Dataset content:
※

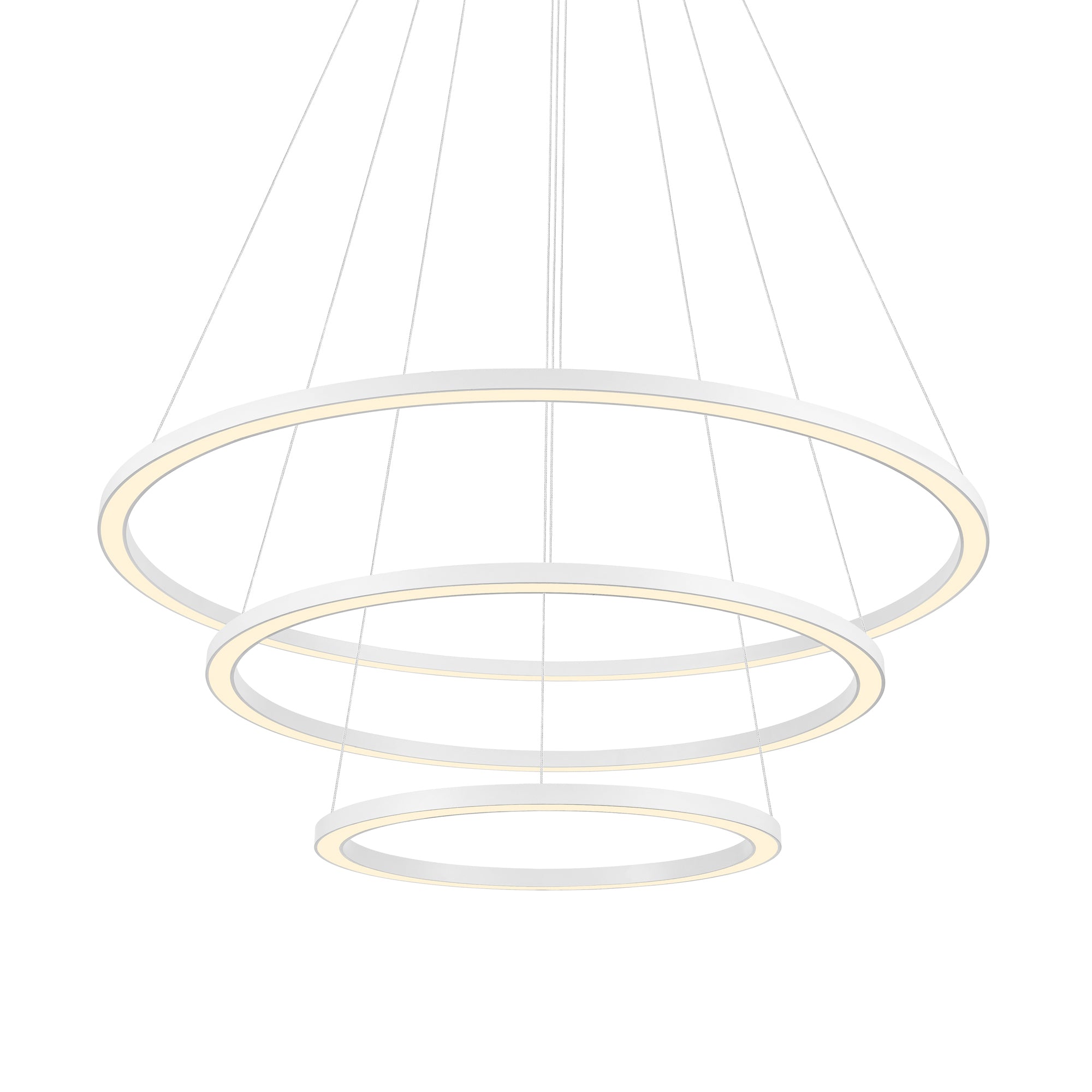Chalice Chandeliers White Finish 3 Rings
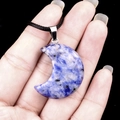 Blue and white natural crystal agate moon pendant with black rope necklace - 30mm Blue Dot Jade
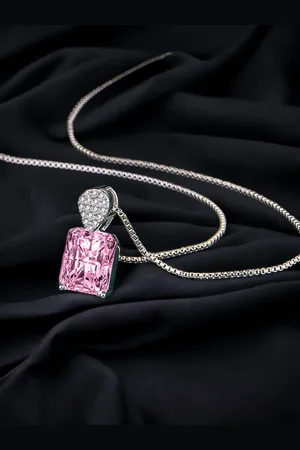 Designs & You Silver-Plated CZ Studded Pendant With Chain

※

Your assignment: From the first line to the last, give the data again exactly, but without pictures.

Output for this task:
Chalice Chandeliers White Finish 3 Rings
 Blue and white natural crystal agate moon pendant with black rope necklace - 30mm Blue Dot Jade
 Designs & You Silver-Plated CZ Studded Pendant With Chain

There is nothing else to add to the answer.